For $2\times 2$ real square matrices $Y$, the following is true:
If $q$ is a real number large enough that $q I-Y-Y^T$ is positive definite, then $(Y^T-Y)(q I-Y-Y^T)^{-1}(Y-Y^T)$ is also positive (semi-)definite.
To show this, the eigenvalues of $q I-Y-Y^T$ are $$\lambda_1=q-\sqrt{(y_{11}-y_{22})^2+(y_{12}+y_{21})^2}-y_{11}-y_{22}\\ \lambda_2=q+\sqrt{(y_{11}-y_{22})^2+(y_{12}+y_{21})^2}-y_{11}-y_{22}$$ By assumption, both are positive.

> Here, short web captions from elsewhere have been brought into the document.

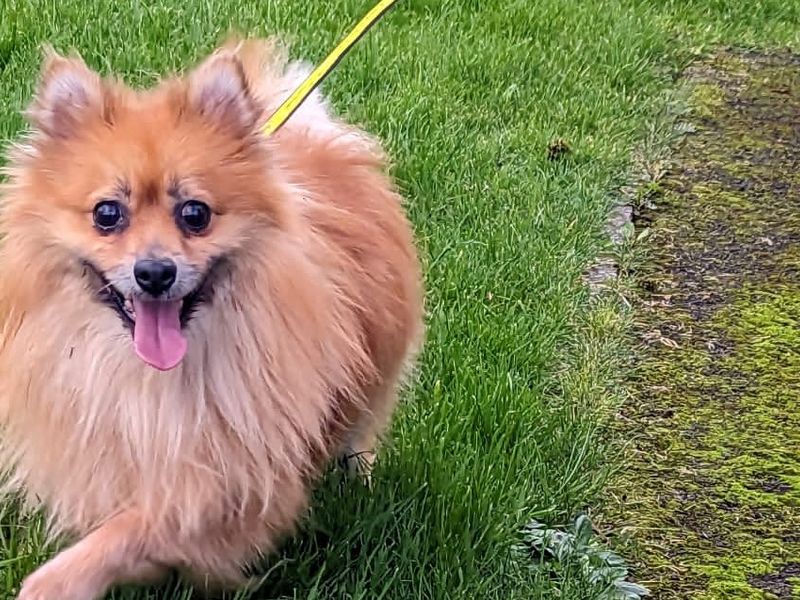 Pomeranian puppies for sale in – 7 years old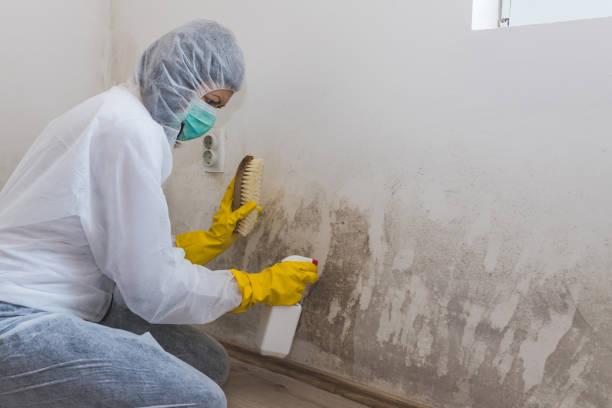 Best Crawl Space Mold Removal  in Capac, MI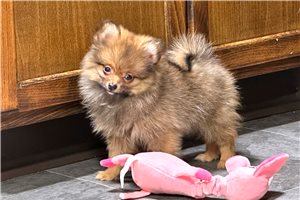 Jane - Pomeranian for sale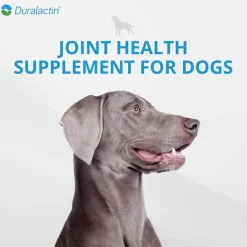 Duralactin Canine Chewable for Dogs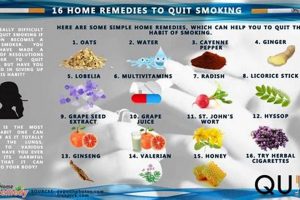 Natural Quit Smoking Herbal Remedies That Actually Work | The Ultimate Herbal Remedies Guide: Natural Healing for a Healthier Life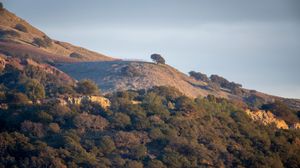 Preview wallpaper trees, slope, sky, nature, landscape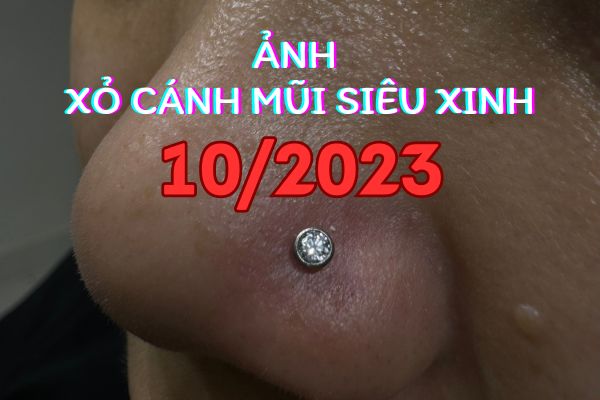 Ảnh xỏ khuyên cánh mũi cho khách tại shop TinyBox 10/2023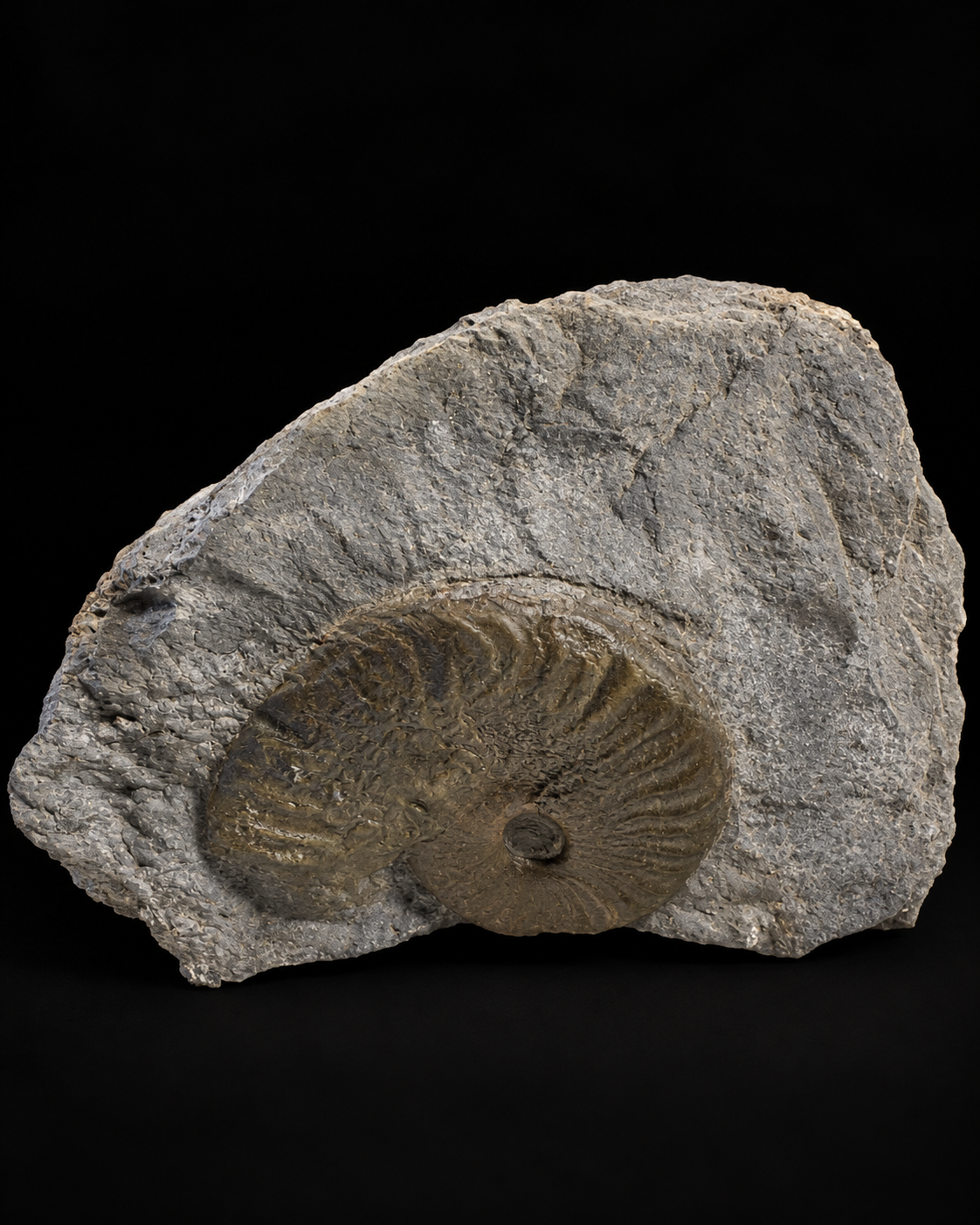 Fossiele ammoniet Grammoceras – Ravenscar – Jura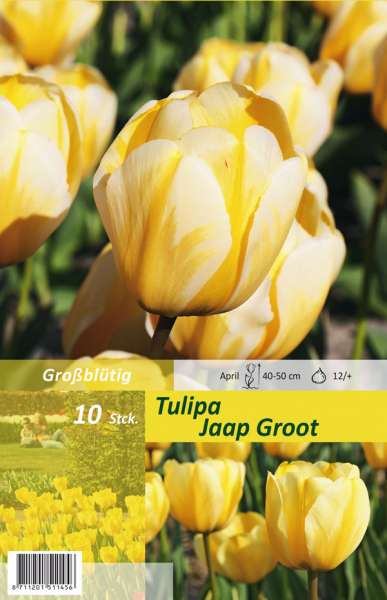 Großblütige Tulpen Tulipa Jaap Groot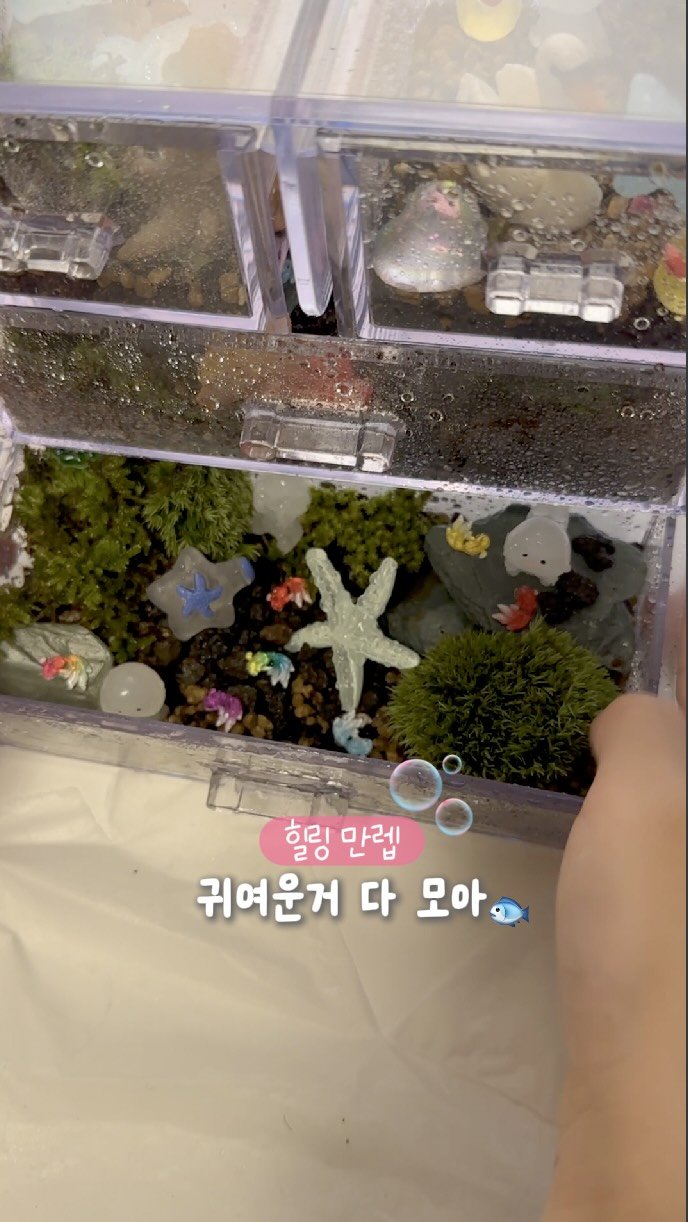 jooa_log 게시물 이미지: 짜증 팍팍 내고 있을때
손으로 만들기 시켜보세요☺

워낙 동,식물을 좋아하는...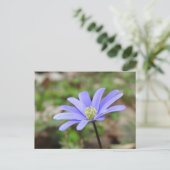 Carte Postale Fleur bleue (Debout devant)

The eigenvalues of $(Y^T-Y)(q I-Y-Y^T)^{-1}(Y-Y^T)$ are $$\frac{(y_{12}-y_{21})^2}{\lambda_2},\frac{(y_{12}-y_{21})^2}{\lambda_1}$$ and indeed, both are positive.
Question
I seek to generalize this result to $n\times n$ matrices. Any hints?
The result holds in general. We note that for any positive definite $A$ and any compatible matrix $M$, the matrix $M^TAM$ is positive semidefinite. It will be positive definite if and only if $M$ has linearly independent columns (even if $M$ is not square).
For your result, it suffices to take $A = qI - Y - Y^T$ and $M = Y - Y^T$.